To describe the prevalence and clinical associations of abnormalities on electroencephalography (EEG) in patients with antiphospholipid syndrome (APS) and/or systemic lupus erythematosus (SLE) who have neuropsychiatric symptoms. The study group comprised 57 patients (age </=50 years) with manifestations of neuropsychiatric illness. Patients with stroke, epilepsy, or other encephalopathies were excluded. Fourteen patients had APS, 24 patients were positive for antiphospholipid antibodies (aPL), and 19 patients had SLE without aPL. All patients underwent EEG and brain magnetic resonance imaging (MRI) while they were awake. Abnormal EEG findings (showing mainly bitemporal slow activity) were recorded in 37 of 57 patients (65%). Abnormal EEG findings were observed in all patients with APS and in 17 of 24 aPL-positive patients (71%), compared with 6 of 19 patients with SLE (32%) (P < 0.001 and P < 0.05, respectively).
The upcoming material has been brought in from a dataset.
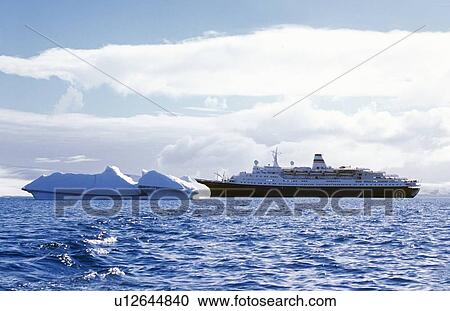 Cruise ship with glaciers and icebergs View Large Photo Image Stock Image - Cruise ship with glaciers and icebergs. Fotosearch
There was an association between abnormal EEG findings and the frequency of aPL positivity (at least 2 positive results) (P = 0.002). Three EEG recordings showed potentially epileptiform activity. Results of brain MRI were abnormal in 18 (31.6%) of 57 patients: 8 in the APS group (57.1%), 7 in the aPL-positive group (29.2%), and 3 in the SLE group (15.8%). None of the patients with normal EEG findings had abnormal MRI results. Thus, brain MRI findings were normal in the majority of patients. Patients with abnormal EEG results were more likely to report memory problems (P < 0.001). Our findings suggest that EEG abnormalities are common and correlate with the presence of aPL even in the absence of brain abnormalities on MRI. EEG should be considered in aPL-positive patients with neuropsychiatric symptoms, because use of antiaggregants or anticoagulation may need to be considered.